To help remedy that problem, the University of Alaska Anchorage is putting the final touches on the new undergraduate Weidner Program for Property Management and Real Estate.
As the size of rental properties grow, so does the demand for a pool of college graduates who have the necessary education and experience to manage them.
Unfortunately, according to Dean Weidner, the head of Weidner Apartment Homes – which manages a number of properties in Alaska and around the U.S., there aren’t many people who fit that description, so his company, and others like it, have had to make due.
“What we wound up with was maybe taking a restaurant waitress or somebody freshly out of school who we thought might be doing a good job at leasing and sort of throw it on the wall and hoped that it worked out for both parties,” Weidner said.
But, he says the rate of failure was high.
“As we grew, particularly, and we started having properties 100, 200 and 300 units, the business changes from about a $200,000 business a year to a many millions per year,” Weidner said. “So, all of a sudden you’ve got a large, sophisticated business that requires some sophisticated thinking, and analysis and action – and that’s where the college graduate really comes in.”
So, 10 years ago Weidner donated $1 million to UAA’s College of Business and Public Policy to begin developing a real estate and property management program.
Then in 2009, Weidner made an additional contribution of $3 million to really get the ball rolling.
Much of that money went toward the endowment of the Weidner Chair, which, according to the Dean of the College of Business and Public Policy Rashmi Prasad, will play a crucial role in the development of the program and its students.
“The Weidner Chair’s role really is to help, almost to be an architect for the program; to make sure it’s connected to industry very well; to make sure that students are inspired and appreciate the opportunities in this field to counteract any preconceptions they may have or misconceptions they may have,” Prasad said.
At a recent event in UAA’s Rasmusen Hall – where the Business college is housed – Prasad announced lifelong Alaskan Andrew Romerdahl as the first-ever Weidner Chair.

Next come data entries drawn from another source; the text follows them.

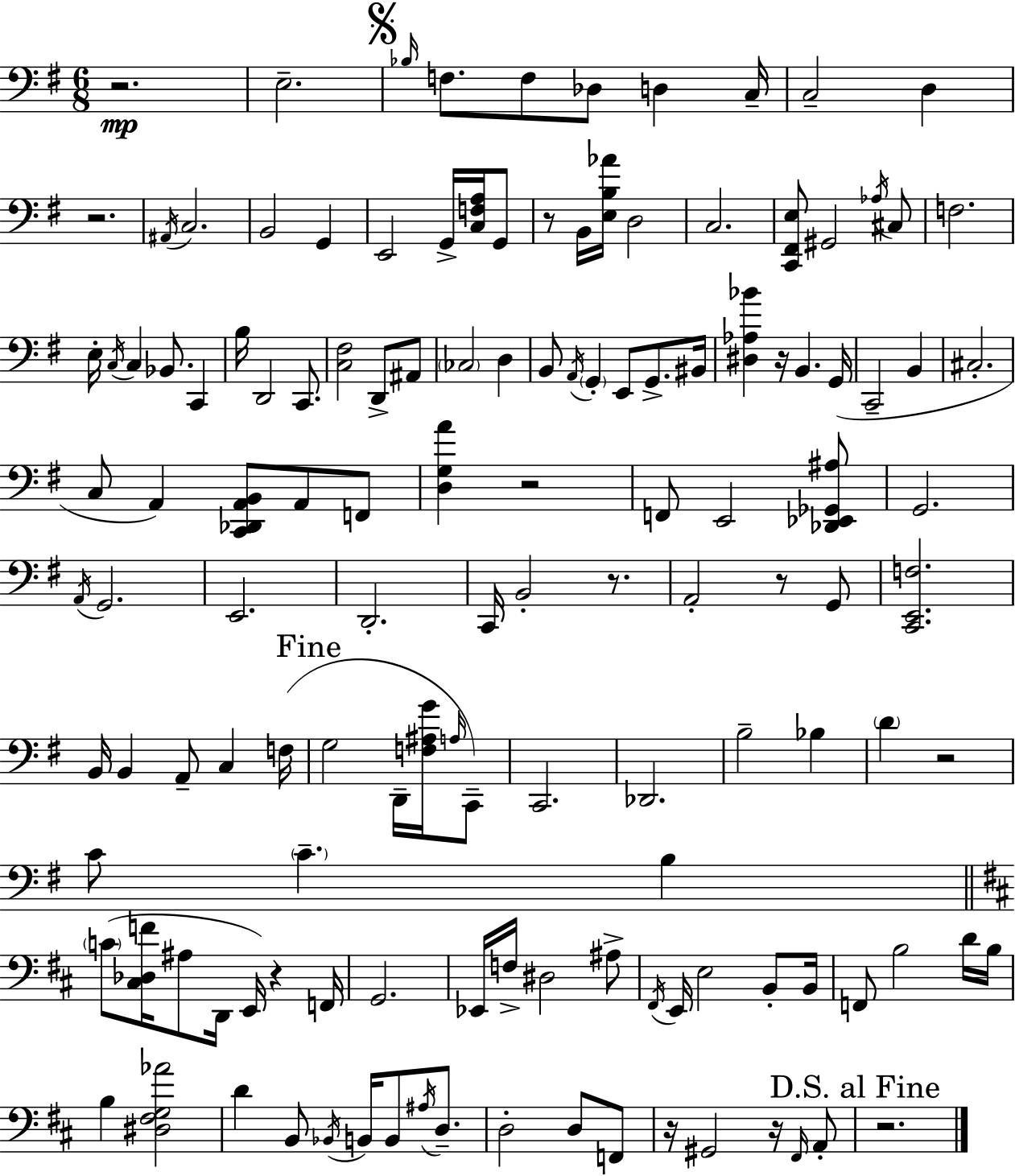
X:1
T:Untitled
M:6/8
L:1/4
K:G
z2 E,2 _B,/4 F,/2 F,/2 _D,/2 D, C,/4 C,2 D, z2 ^A,,/4 C,2 B,,2 G,, E,,2 G,,/4 [C,F,A,]/4 G,,/2 z/2 B,,/4 [E,B,_A]/4 D,2 C,2 [C,,^F,,E,]/2 ^G,,2 _A,/4 ^C,/2 F,2 E,/4 C,/4 C, _B,,/2 C,, B,/4 D,,2 C,,/2 [C,^F,]2 D,,/2 ^A,,/2 _C,2 D, B,,/2 A,,/4 G,, E,,/2 G,,/2 ^B,,/4 [^D,_A,_B] z/4 B,, G,,/4 C,,2 B,, ^C,2 C,/2 A,, [C,,_D,,A,,B,,]/2 A,,/2 F,,/2 [D,G,A] z2 F,,/2 E,,2 [_D,,_E,,_G,,^A,]/2 G,,2 A,,/4 G,,2 E,,2 D,,2 C,,/4 B,,2 z/2 A,,2 z/2 G,,/2 [C,,E,,F,]2 B,,/4 B,, A,,/2 C, F,/4 G,2 D,,/4 [F,^A,G]/4 A,/4 C,,/2 C,,2 _D,,2 B,2 _B, D z2 C/2 C B, C/2 [^C,_D,F]/4 ^A,/2 D,,/4 E,,/4 z F,,/4 G,,2 _E,,/4 F,/4 ^D,2 ^A,/2 ^F,,/4 E,,/4 E,2 B,,/2 B,,/4 F,,/2 B,2 D/4 B,/4 B, [^D,^F,G,_A]2 D B,,/2 _B,,/4 B,,/4 B,,/2 ^A,/4 D,/2 D,2 D,/2 F,,/2 z/4 ^G,,2 z/4 ^F,,/4 A,,/2 z2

Part of Romerdahl’s duties will be to attract new students and keep them there. He says the job placement statistics for recent graduates of similar programs around the U.S. are impressive, and should make the program an easy sell to prospective students.
“You’re talking 95, 97, 98 percent; almost every student that is passing through there is landing a job directly out of the program,” Romerdahl said. “So, that’s the part that’s really exciting for me.”
This new program may look similar to a previous program that was housed within the College of Business and Public Policy’s finance department, but according to Professor Terry Fields, there are a number of differences.
“You’re gonna see a brand new curriculum and it’s been switched under a management degree, which was felt to be a more appropriate degree to house it under,” Fields said. “The largest thing you’re gonna see is the designation attainment now and the new curriculum that’s developed under that program.”
The department hopes to graduate between 25 and 30 students per year; and the first ones could receive their degrees as soon as 2015.